I sat there today, trying to choke back the tears, and for the most part, I did ok.
I was composed. I was stern with myself. I was capable of not looking you in the eye. I diverted my attention to the possibility that it will only be another few days. Until the moment I heard the familiar sound of diesel rounding the corner and the faint expelling of air from the brakes. I knew in that moment that it was just another goodbye. For each and every one of our hello's, there is another heart wrenching goodbye.
I somtimes sit here wondering if it's all worth it. The pain we put each other through at the end of each visit. The hugs, the coupling, the few kisses leading up to the final one. The walk.
The walk, the walk, the walk.
The moment where I sit there, in silence, yet screaming at the top of my lungs, inside. "Don't go. Don't leave me. Come back. I love you." All these things, echoing in my head, my heart heavy and my eyes burning.
There I sit. Just watching you walk away, stunned that either of us can do or endure such a thing. Wanting to run after you and kiss you again, for the last time. One more last kiss. One more touch of your hand to my face or back. One more glance. Just one more.

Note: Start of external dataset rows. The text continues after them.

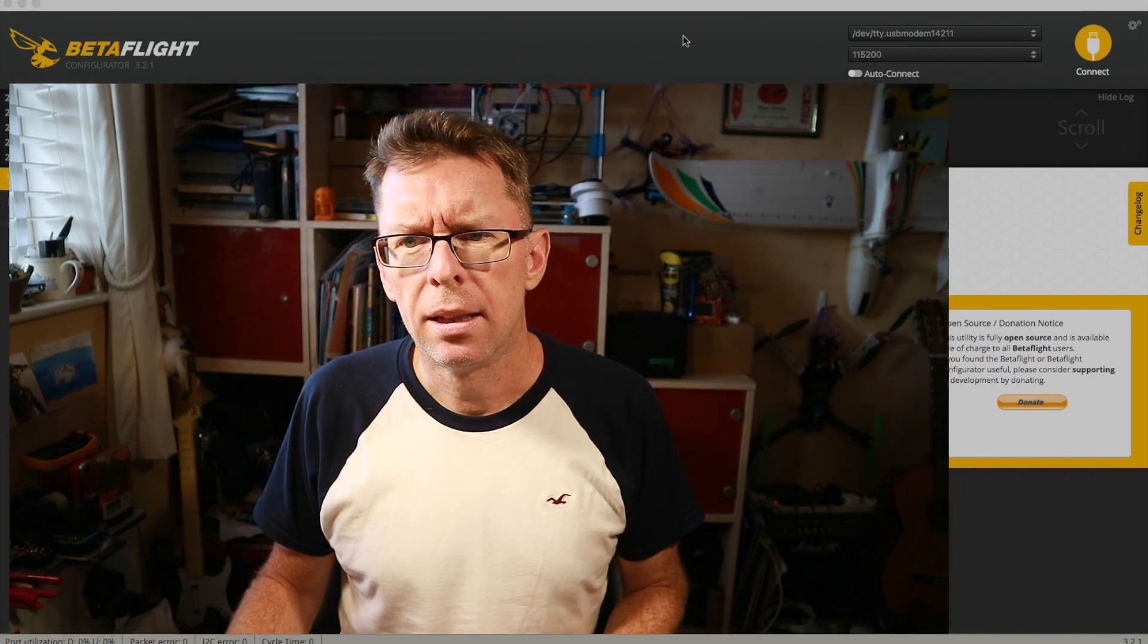Well hello and welcome back to Betaflight Basics. This time we'll be looking at the failsafe tab. Let's jump in.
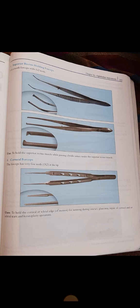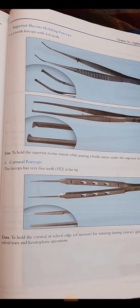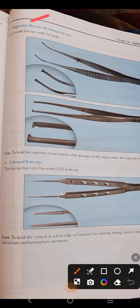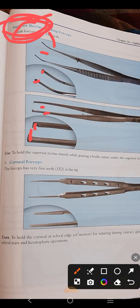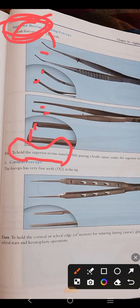The superior rectus holding forceps — its tip can be either curved or straight, but at each tip there is a single tooth present. You can see clearly that a single tooth is present on each tip, making it a tooth forceps. Remember: superior rectus is a single muscle, so it has a single tooth. As the name indicates, it is used for holding the superior rectus muscle when you want to pass a suture under this muscle.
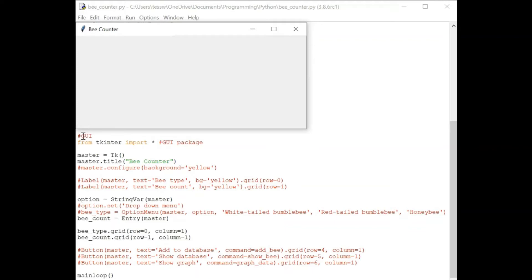Once you've imported tkinter, we're going to be using this master attribute, which allows us to manipulate the main window here.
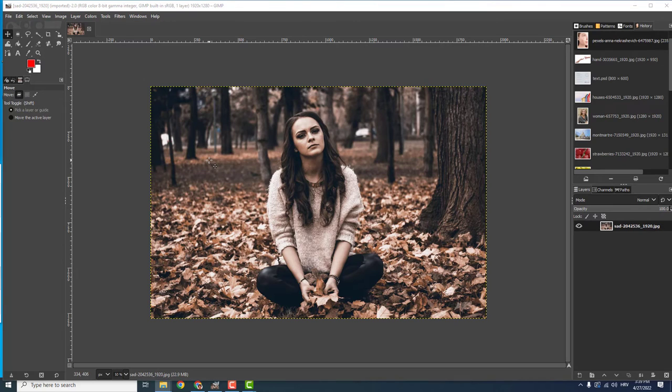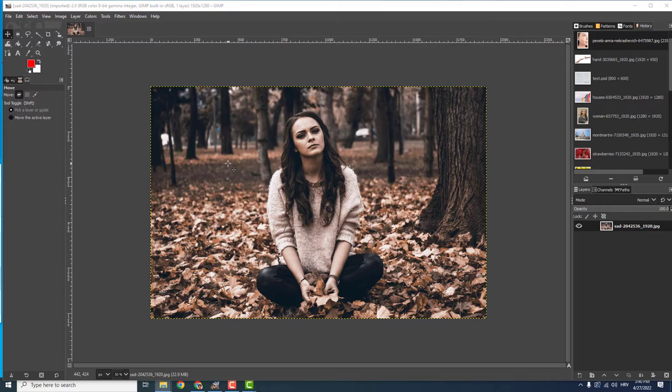Hey what's up, it's Filip from EasyTutorials and today I'll show you how to stretch an image in GIMP.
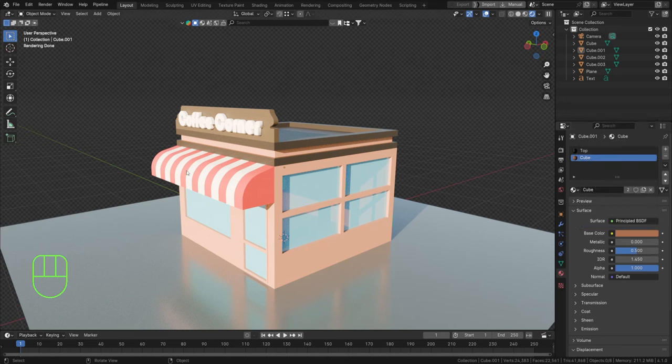That's part one of creating a little coffee corner — we've got the shape set up, the initial foundation, and basic materials. In the next part we'll refine the materials further and set everything up correctly for rendering. Thanks so much for watching!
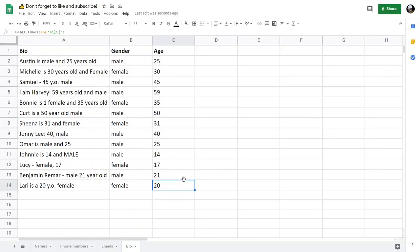If you want to learn more about regular expressions, see the links in the description — I have a whole playlist on regular expressions. If you liked this video, please give a thumbs up and subscribe for more content just like this. Bye!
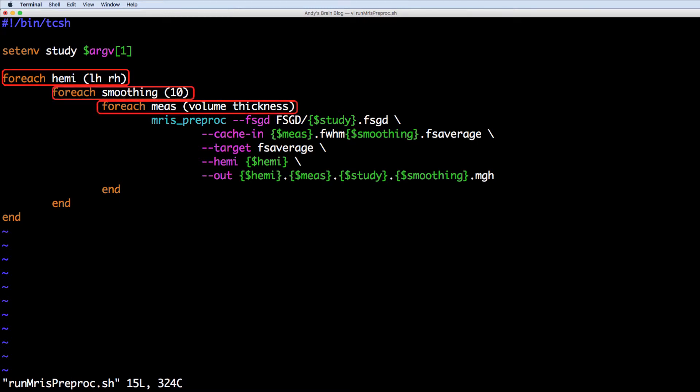Here I'm analyzing both the left and right hemisphere, only looking at the 10mm smooth maps, and focusing on volume and thickness.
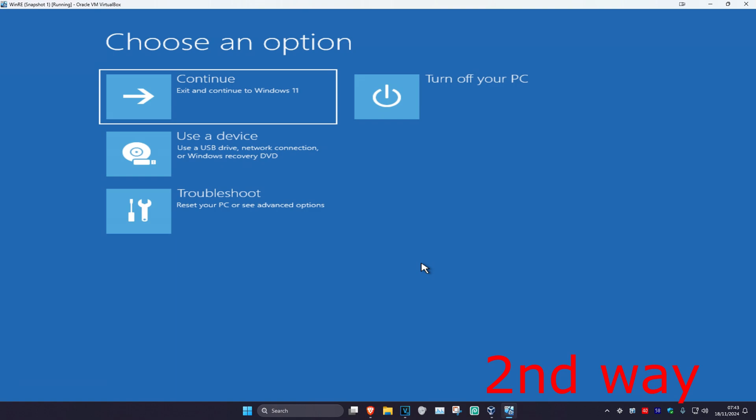If you cannot sign into Windows, which is probably going to be most of you, then you want to turn off your computer from the power button and then turn it back on again. As it's turning on, you want to quickly turn it back off again, and then turn it on again. Repeat this three times and it will then take you into this screen.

With my heart heavy and the tears still falling, I leave. Still feeling you next to me. Still tasting your lips on mine. Coming home and thinking I'd see your sneakers or your phone. Looking for your glasses or wallet on the dresser. The faint scent of your cologne catching my attention, and I collapse. Knowing that it's over, you're gone and my moments of happiness have ended until the next time.
I'm sullen and stupid, weak and wilted. I never knew love to be such an ailment, until I knew what it was like to not have you around at all times.
I never took love for granted, for I never truly knew what love was. I had visions of this grandeur emotion that was unrelenting and wondrous. You didn't have to work for it, it merely existed around you and everything fell into place. I was sadly mistaken.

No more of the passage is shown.